----- Data extract

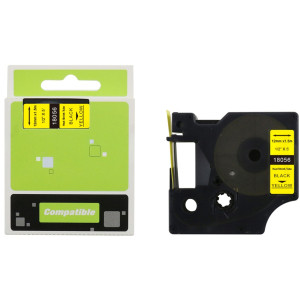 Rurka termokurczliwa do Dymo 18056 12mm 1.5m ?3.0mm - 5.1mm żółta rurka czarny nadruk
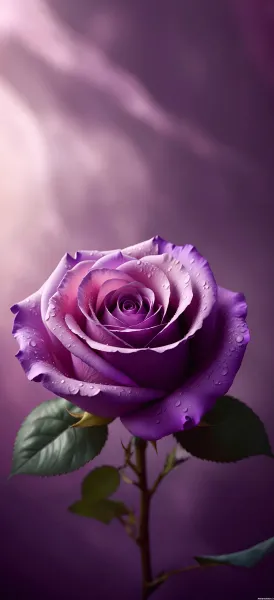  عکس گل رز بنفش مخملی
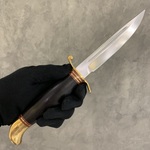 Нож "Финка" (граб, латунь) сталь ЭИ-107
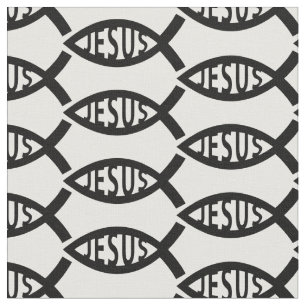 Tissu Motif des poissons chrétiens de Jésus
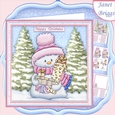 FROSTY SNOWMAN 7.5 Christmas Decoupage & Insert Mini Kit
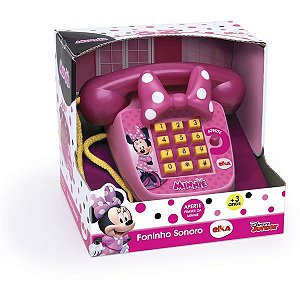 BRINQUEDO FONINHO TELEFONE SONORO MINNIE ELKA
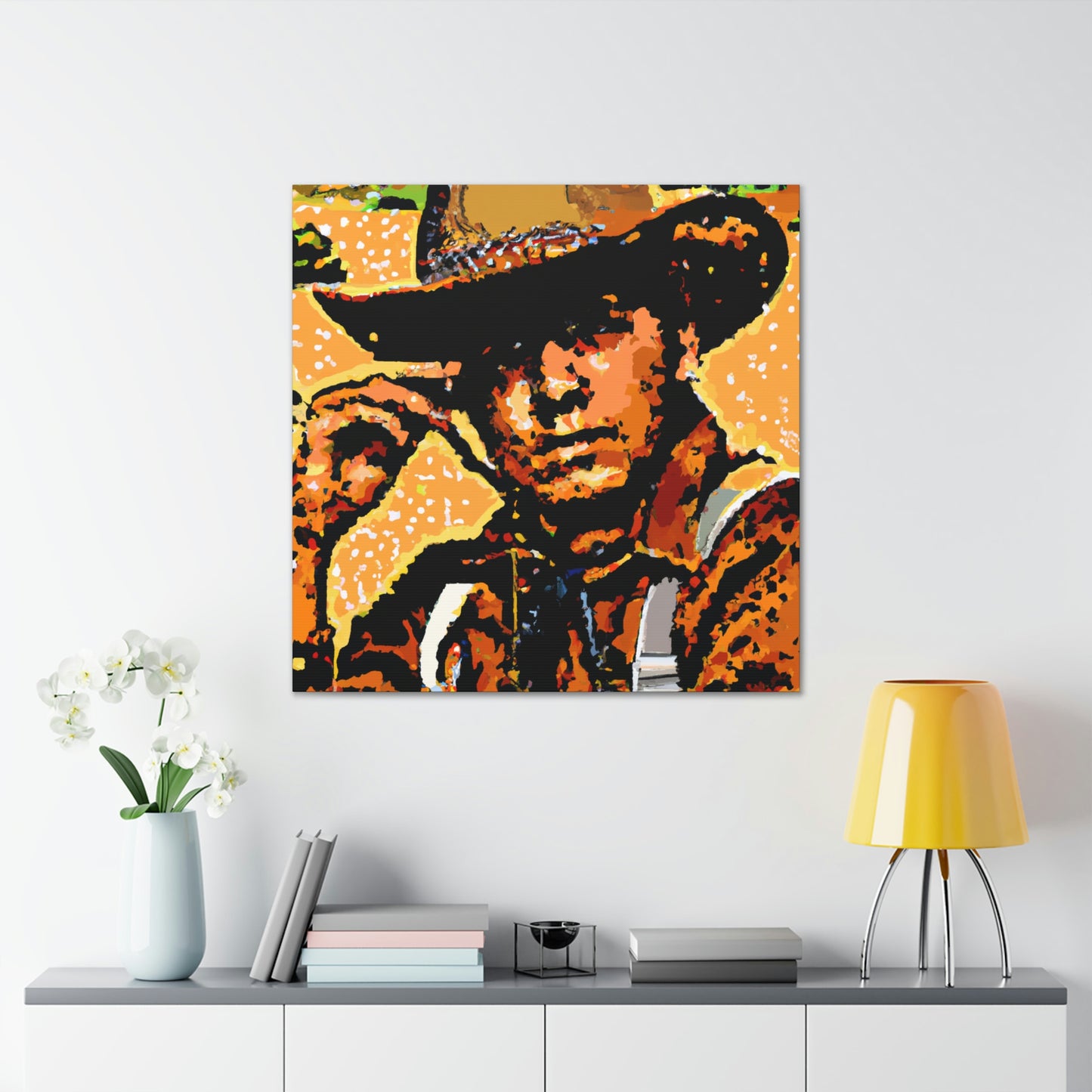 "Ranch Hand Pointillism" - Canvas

----------

Your assignment: Please repeat every record above exactly, leaving the pictures out.

Solved exercise:
 Rurka termokurczliwa do Dymo 18056 12mm 1.5m ?3.0mm - 5.1mm żółta rurka czarny nadruk
  عکس گل رز بنفش مخملی
 Нож "Финка" (граб, латунь) сталь ЭИ-107
 Tissu Motif des poissons chrétiens de Jésus
 FROSTY SNOWMAN 7.5 Christmas Decoupage & Insert Mini Kit
 BRINQUEDO FONINHO TELEFONE SONORO MINNIE ELKA
 "Ranch Hand Pointillism" - Canvas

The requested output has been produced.